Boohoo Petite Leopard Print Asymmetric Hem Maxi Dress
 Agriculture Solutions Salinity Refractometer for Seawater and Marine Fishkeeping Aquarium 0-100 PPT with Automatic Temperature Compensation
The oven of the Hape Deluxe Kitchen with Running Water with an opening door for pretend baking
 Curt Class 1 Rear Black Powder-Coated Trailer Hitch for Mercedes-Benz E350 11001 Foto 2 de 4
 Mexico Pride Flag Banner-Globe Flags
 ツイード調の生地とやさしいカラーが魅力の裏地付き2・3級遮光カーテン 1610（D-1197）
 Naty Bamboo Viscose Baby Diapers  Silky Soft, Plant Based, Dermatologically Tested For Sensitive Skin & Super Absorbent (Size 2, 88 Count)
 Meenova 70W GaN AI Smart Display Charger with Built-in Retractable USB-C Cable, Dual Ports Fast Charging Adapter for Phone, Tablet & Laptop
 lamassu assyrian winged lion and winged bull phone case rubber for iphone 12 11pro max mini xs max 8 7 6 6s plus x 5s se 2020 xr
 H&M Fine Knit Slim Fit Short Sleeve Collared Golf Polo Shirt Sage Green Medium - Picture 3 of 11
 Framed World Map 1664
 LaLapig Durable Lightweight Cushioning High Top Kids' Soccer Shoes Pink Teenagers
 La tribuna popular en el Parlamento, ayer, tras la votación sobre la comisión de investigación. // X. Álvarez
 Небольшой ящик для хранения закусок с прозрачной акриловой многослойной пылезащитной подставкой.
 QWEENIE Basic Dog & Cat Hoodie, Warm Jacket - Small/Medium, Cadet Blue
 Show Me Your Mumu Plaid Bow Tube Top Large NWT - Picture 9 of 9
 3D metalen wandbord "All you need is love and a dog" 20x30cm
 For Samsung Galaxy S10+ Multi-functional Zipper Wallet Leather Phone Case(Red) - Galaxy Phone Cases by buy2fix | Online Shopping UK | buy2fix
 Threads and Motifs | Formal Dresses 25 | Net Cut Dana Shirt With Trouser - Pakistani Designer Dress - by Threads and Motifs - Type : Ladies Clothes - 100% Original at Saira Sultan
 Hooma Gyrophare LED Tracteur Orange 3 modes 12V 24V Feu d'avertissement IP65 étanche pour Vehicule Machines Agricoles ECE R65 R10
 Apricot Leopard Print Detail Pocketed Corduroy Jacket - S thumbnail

###

▸ **Work order**
In the records above, each line with the string "Dress" should be copied.

▸ **The completed task**
Boohoo Petite Leopard Print Asymmetric Hem Maxi Dress
 Threads and Motifs | Formal Dresses 25 | Net Cut Dana Shirt With Trouser - Pakistani Designer Dress - by Threads and Motifs - Type : Ladies Clothes - 100% Original at Saira Sultan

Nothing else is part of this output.